The main reason for requiring foreign registration is to ensure that the company accounts for and pays all taxes due to the state of operations – including sales and use taxes, among others. Additional reasons include compliance with state labor laws and state unemployment insurance, and to ensure that a registered agent is identified in-state for legal service of process on the company itself.
While the process of registering as a “foreign” entity varies from state to state, generally, the company must pay a fee and file documents similar to those filed in the home state when applying for articles of organization or incorporation. This starts the process of the company receiving a valid registration from the foreign state’s secretary of state, so the company can then register and receive an account number with the state’s taxing authority to file income, sales and use, employment taxes, etc.
While the general rule is that a company may not “conduct business operations” in a state until it obtains a certificate of authority / foreign registration with that state, there are limited exceptions to the rule which are described in that state’s statutes on foreign entity registration. Such examples may include:
- the activities of a passive real estate holding company, without more;
- the holding of corporate meetings (internal affairs) in that state;
- an out-of-state company which serves only as the manager of a limited liability company located in the state;
- conducting an isolated business transaction;
- an out-of-state company serving as a trustee, executor or guardian within the foreign state.
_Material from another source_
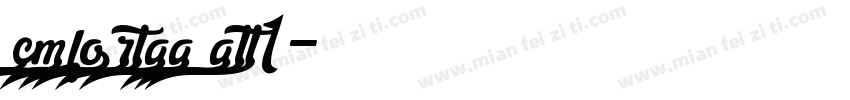 cmfortaa alt1字体转换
The list of exemptions from the foreign registration requirement, even as described within a state’s statutes, may not be exhaustive. It should be noted that SBA rules prohibit the financing of most of the types of activities described in the exemption list above. So, where an SBA borrower will be conducting business activities in a state other than its home state, lenders should carefully review the state’s requirements to conduct business, and ensure that the foreign entity registration has been completed prior to loan closing.
The state of operations may impose additional requirements, depending on the state and type of industry, including regulations imposed by the state’s Department of Revenue, Department of Labor, and Department of Insurance. If a borrower has been formed in one state but is not following the rules to register appropriately in the state of operations, the borrower may end up out of compliance with state tax rules, as well as employment and insurance regulations, right from the start.